Casablanca API Client

A simple Python client for interacting with the Casablanca AI Model API.

image_path (str, optional): Path or URL to the source image used as visual input.
audio_path (str, optional): Path or URL to the audio file used to drive animation and lip sync. Required for audio+image workflows.
text (str, optional): Prompt text used when generating a video from text. Required for text-to-video workflows.
model (str, optional): Model id/name to use. Examples: default, atv_stream, or any id returned by list_models().
guidance_scale (float, optional): Strength of guidance for visual generation.
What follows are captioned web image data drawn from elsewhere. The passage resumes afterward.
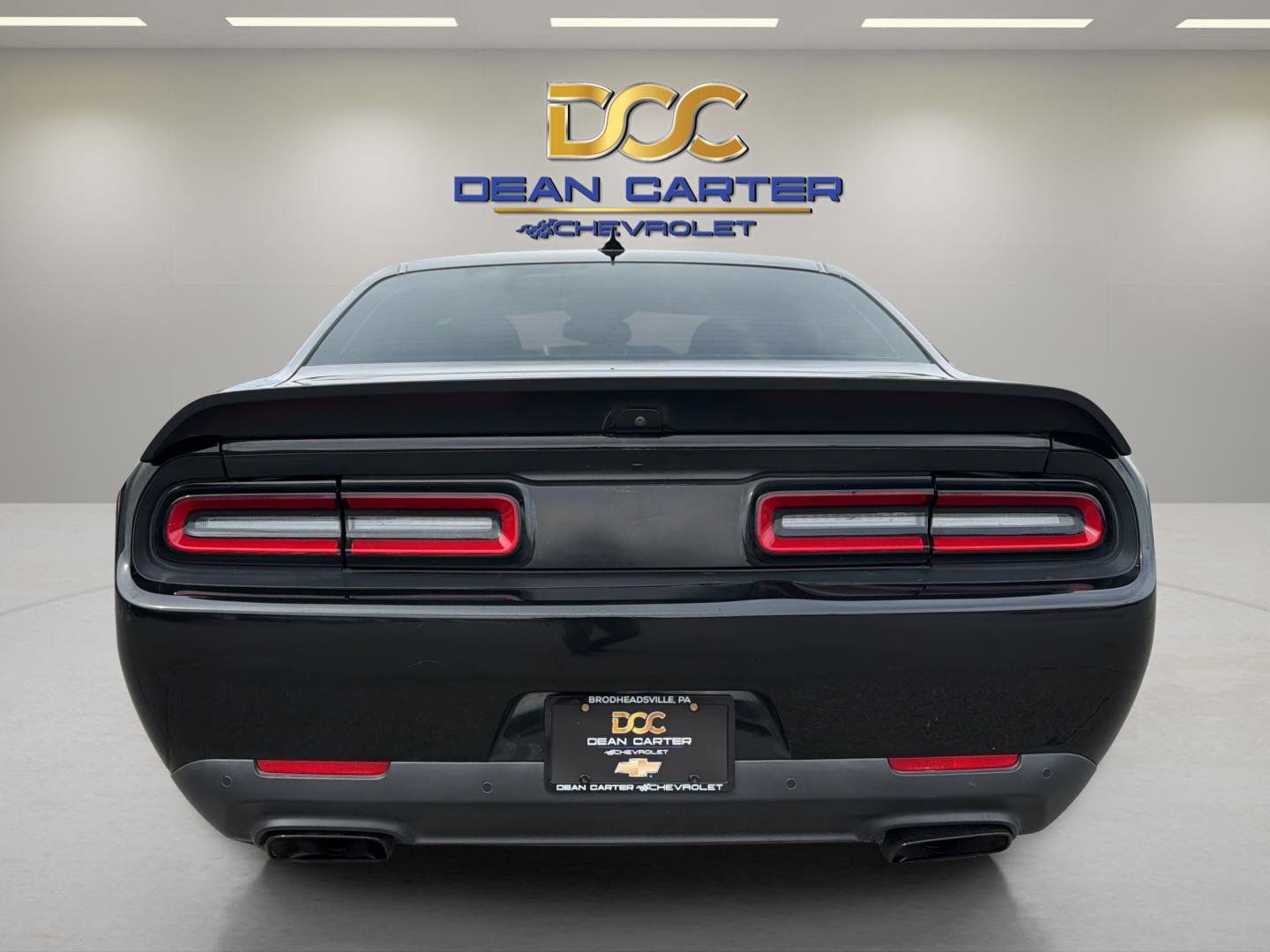 Used 2019 Dodge Challenger SRT Hellcat image 4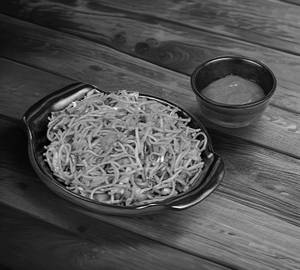 Chilly garlic noodles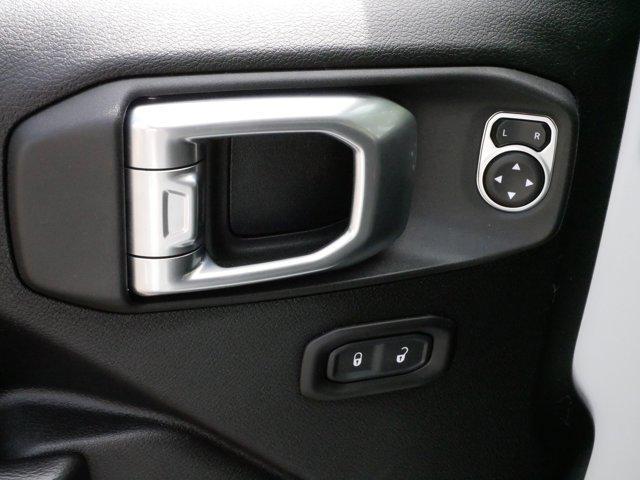 used 2020 Jeep Wrangler Unlimited car, priced at $27,998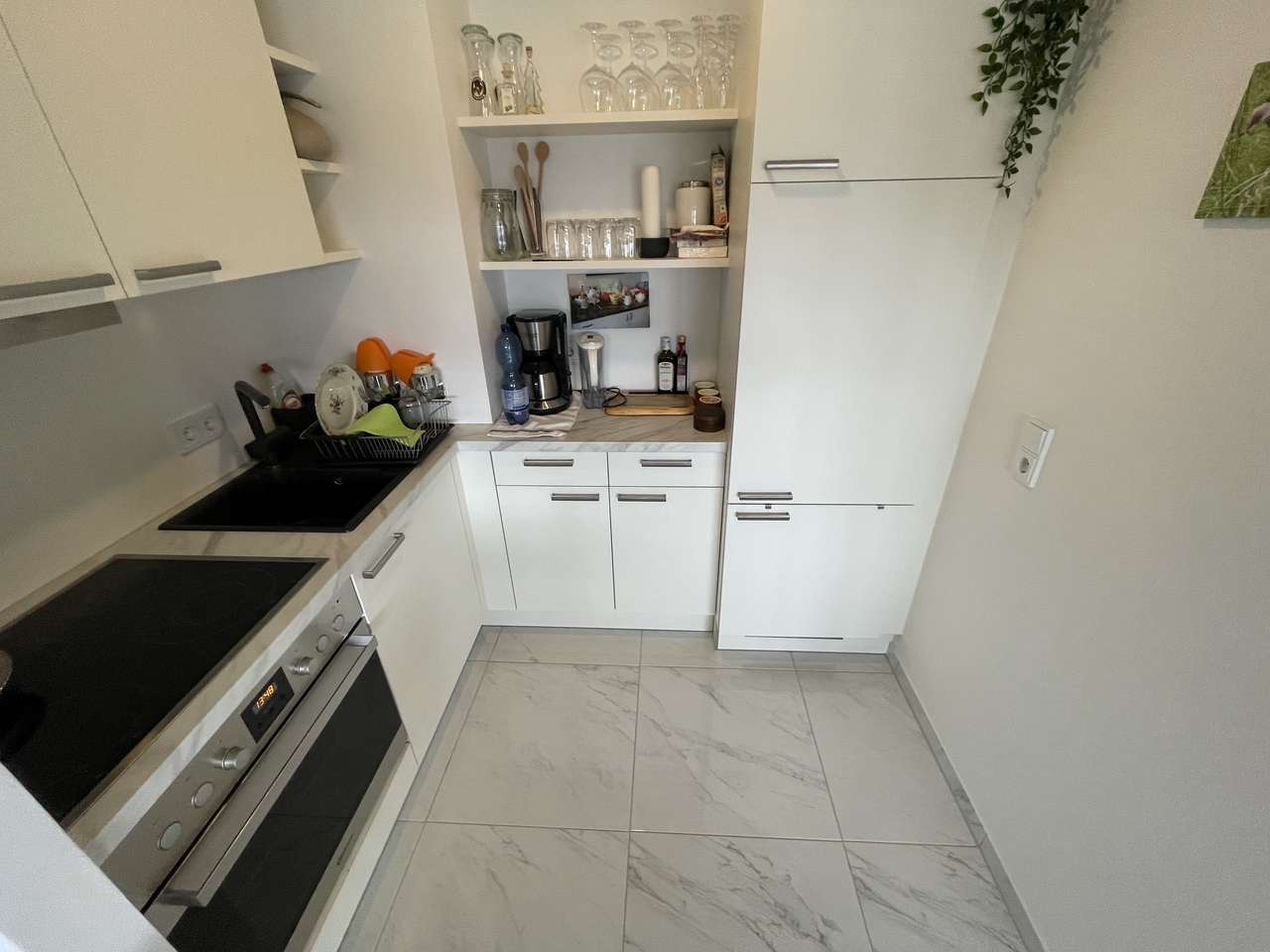 Bingertstraße, mit Balkon, super Ausstattung und eigener Waschmaschine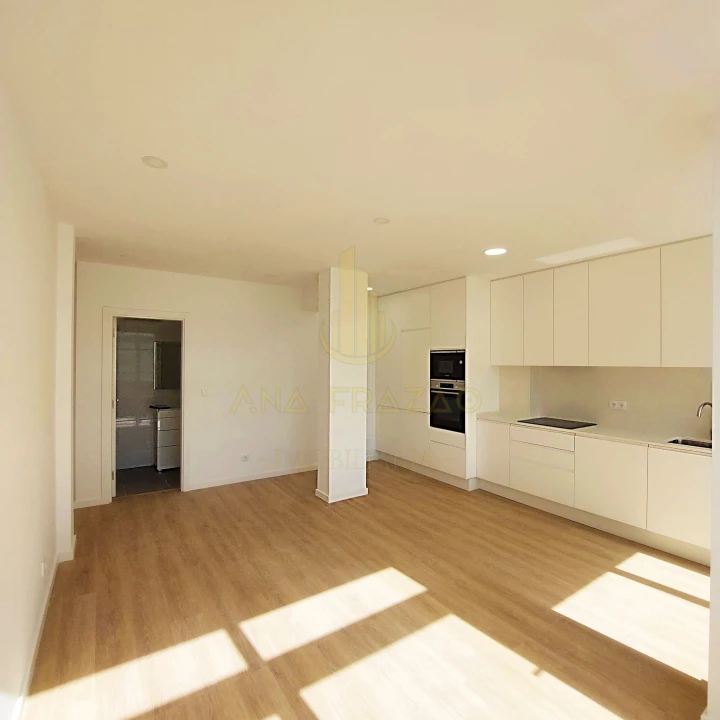Apartamento T2 para Venda em Falagueira-Venda Nova Foto 2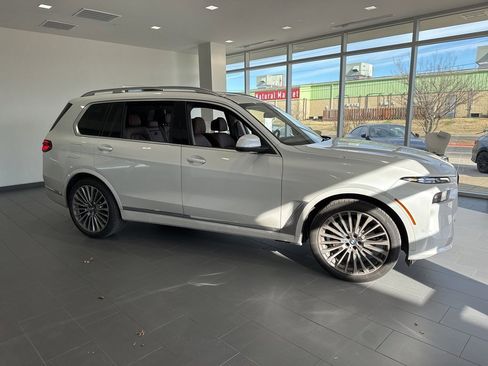Certified 2025 BMW X7 xDrive40i w/ Premium Package image 1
Higher values increase guidance intensity (may increase artifacts).
output_format (str, optional): mp4 (default) returns a single video URL; chunks returns a RawData-compatible value for downstream handling.
verbose (bool, optional): If True, the client prints progress and diagnostic information.

Text-to-Video specific parameters (when using api_set="text_to_video"):

voice_id (str, optional): Identifier for the TTS/voice to use. Default in the client: "Deep_Voice_Man".
language_boost (str or None): Boost factor to bias the TTS/model toward a particular language characteristic.
emotion (str or None): Optional emotion/style hint for the generated speech or animation (model-dependent).

Return values

For non-streaming models and output_format="mp4": predict() returns a string URL to the generated MP4 video.
For output_format="chunks": predict() returns a RawData object that can be inspected and saved using utilities.
For streaming models (e.g., model="atv_stream") the client will yield chunk URLs as they become available (useful for stitching or progressive playback).

Examples

1) Simple image+audio -> mp4 (batch)

from casablanca_api import APIClient

# Initialize the client with your secret API key (default api_set supports audio+image)
client = APIClient(api_key="your-secret-user-api-key", api_set="audio_to_video")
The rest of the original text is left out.